**BRIEF**
Find "Black & Red Car Mats" in the data, then restate the line it sits in and every later line word for word, ending with the last line.

Records from a data source:
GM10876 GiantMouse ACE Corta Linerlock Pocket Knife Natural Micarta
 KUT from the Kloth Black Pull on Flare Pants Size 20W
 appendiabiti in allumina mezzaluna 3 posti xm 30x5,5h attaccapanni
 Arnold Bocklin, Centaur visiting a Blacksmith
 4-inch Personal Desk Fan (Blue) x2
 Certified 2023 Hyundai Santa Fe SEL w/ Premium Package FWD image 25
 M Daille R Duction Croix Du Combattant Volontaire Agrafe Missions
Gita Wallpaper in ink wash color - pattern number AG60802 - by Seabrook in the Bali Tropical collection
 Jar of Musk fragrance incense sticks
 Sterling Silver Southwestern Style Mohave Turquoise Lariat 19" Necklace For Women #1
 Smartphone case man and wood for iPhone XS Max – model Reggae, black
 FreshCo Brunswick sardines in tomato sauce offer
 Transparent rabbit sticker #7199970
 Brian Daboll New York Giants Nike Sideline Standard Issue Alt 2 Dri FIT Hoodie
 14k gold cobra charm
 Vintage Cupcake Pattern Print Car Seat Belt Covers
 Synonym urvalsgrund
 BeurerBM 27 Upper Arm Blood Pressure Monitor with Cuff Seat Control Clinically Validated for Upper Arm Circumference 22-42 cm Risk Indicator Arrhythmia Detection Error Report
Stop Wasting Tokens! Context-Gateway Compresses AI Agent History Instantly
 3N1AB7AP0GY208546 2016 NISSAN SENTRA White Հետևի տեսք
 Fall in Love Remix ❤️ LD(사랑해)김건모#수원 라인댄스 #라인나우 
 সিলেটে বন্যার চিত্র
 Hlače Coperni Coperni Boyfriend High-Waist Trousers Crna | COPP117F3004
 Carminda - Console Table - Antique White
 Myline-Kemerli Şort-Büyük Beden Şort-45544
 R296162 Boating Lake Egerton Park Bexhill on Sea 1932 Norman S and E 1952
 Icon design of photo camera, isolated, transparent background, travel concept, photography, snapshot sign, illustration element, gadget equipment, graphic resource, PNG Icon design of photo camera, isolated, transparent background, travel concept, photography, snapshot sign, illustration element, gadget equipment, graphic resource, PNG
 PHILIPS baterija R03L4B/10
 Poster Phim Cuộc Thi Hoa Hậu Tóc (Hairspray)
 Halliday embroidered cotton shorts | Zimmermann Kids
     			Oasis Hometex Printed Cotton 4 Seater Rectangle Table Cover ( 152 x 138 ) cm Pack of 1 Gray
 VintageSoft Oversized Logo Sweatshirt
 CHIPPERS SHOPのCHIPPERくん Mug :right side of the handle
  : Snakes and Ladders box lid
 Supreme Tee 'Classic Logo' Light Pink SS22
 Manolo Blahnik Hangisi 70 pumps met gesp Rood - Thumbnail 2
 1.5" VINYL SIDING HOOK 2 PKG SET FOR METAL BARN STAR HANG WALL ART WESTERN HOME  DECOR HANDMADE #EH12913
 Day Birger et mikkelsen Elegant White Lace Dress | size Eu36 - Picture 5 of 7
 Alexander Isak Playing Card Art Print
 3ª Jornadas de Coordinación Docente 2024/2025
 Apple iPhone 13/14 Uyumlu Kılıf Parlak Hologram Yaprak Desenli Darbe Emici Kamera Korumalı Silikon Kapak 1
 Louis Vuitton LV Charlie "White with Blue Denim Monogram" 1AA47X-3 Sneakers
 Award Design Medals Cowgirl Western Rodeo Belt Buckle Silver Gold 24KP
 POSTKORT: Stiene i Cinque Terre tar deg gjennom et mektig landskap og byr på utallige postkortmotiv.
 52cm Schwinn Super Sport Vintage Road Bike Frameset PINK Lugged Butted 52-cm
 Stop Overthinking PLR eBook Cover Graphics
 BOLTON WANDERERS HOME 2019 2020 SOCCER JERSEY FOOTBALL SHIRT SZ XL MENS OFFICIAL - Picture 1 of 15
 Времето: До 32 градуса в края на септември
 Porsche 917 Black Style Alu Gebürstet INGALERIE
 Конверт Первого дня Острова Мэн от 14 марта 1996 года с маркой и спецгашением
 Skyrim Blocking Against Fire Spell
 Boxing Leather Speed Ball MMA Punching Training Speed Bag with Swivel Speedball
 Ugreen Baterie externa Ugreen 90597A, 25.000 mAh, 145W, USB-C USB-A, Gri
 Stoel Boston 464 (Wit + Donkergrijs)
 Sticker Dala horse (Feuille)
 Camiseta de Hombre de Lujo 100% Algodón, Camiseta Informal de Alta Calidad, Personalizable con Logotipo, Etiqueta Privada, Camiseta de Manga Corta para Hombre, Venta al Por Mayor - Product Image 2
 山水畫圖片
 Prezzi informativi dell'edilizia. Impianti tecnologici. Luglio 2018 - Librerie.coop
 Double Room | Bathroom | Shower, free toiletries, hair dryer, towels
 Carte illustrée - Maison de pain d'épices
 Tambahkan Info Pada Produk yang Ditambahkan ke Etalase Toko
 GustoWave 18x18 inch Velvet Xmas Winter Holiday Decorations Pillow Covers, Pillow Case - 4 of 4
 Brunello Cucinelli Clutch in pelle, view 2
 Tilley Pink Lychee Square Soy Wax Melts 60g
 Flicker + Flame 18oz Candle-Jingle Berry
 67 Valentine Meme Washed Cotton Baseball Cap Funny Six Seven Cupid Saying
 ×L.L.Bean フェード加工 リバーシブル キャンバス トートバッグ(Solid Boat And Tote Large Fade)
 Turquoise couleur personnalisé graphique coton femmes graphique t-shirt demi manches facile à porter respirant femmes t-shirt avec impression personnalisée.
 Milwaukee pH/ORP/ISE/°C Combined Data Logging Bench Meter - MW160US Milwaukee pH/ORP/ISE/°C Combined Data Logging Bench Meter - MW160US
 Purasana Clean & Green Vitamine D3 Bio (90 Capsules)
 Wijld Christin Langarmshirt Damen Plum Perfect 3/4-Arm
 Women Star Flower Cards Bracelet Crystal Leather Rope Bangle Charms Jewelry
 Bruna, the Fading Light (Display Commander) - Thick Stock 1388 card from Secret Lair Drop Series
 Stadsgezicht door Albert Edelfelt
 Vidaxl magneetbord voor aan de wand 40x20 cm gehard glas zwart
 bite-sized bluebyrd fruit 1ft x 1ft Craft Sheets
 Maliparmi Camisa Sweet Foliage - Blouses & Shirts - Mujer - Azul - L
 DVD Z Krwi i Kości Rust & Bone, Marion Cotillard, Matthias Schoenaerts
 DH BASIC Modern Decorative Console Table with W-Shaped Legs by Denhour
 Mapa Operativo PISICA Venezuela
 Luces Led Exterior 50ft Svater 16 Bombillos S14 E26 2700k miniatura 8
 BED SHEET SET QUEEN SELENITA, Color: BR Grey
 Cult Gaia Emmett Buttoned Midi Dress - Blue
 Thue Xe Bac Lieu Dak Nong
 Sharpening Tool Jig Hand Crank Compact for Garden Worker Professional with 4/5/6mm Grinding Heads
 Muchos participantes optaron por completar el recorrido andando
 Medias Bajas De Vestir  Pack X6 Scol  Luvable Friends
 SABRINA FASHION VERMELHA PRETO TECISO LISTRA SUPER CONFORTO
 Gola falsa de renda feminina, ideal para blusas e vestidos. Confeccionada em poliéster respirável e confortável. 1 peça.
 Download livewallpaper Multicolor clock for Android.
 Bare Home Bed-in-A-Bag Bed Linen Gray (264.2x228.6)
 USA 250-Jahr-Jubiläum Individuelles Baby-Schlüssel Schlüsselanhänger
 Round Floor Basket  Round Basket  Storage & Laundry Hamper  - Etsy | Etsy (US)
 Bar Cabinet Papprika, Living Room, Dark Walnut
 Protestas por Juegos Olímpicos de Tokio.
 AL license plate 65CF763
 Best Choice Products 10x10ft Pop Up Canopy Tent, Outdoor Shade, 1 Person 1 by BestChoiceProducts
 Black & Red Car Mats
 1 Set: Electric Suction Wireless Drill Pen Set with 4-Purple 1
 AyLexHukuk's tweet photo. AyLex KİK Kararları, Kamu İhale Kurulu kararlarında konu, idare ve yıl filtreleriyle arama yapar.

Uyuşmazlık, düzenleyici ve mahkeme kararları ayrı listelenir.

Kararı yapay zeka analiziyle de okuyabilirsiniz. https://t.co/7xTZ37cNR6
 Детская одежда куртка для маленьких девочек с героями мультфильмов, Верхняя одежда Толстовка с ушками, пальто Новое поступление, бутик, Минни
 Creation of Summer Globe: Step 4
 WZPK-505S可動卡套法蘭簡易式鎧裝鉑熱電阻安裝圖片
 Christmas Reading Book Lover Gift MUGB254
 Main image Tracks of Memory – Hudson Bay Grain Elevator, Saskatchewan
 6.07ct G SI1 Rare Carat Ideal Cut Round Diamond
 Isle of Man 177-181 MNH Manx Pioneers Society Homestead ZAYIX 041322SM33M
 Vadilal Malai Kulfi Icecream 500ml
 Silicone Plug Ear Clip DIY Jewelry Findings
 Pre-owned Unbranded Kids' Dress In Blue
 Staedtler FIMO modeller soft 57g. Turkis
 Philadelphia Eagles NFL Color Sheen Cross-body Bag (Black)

**RESPONSE**
 Black & Red Car Mats
 1 Set: Electric Suction Wireless Drill Pen Set with 4-Purple 1
 AyLexHukuk's tweet photo. AyLex KİK Kararları, Kamu İhale Kurulu kararlarında konu, idare ve yıl filtreleriyle arama yapar.

Uyuşmazlık, düzenleyici ve mahkeme kararları ayrı listelenir.

Kararı yapay zeka analiziyle de okuyabilirsiniz. https://t.co/7xTZ37cNR6
 Детская одежда куртка для маленьких девочек с героями мультфильмов, Верхняя одежда Толстовка с ушками, пальто Новое поступление, бутик, Минни
 Creation of Summer Globe: Step 4
 WZPK-505S可動卡套法蘭簡易式鎧裝鉑熱電阻安裝圖片
 Christmas Reading Book Lover Gift MUGB254
 Main image Tracks of Memory – Hudson Bay Grain Elevator, Saskatchewan
 6.07ct G SI1 Rare Carat Ideal Cut Round Diamond
 Isle of Man 177-181 MNH Manx Pioneers Society Homestead ZAYIX 041322SM33M
 Vadilal Malai Kulfi Icecream 500ml
 Silicone Plug Ear Clip DIY Jewelry Findings
 Pre-owned Unbranded Kids' Dress In Blue
 Staedtler FIMO modeller soft 57g. Turkis
 Philadelphia Eagles NFL Color Sheen Cross-body Bag (Black)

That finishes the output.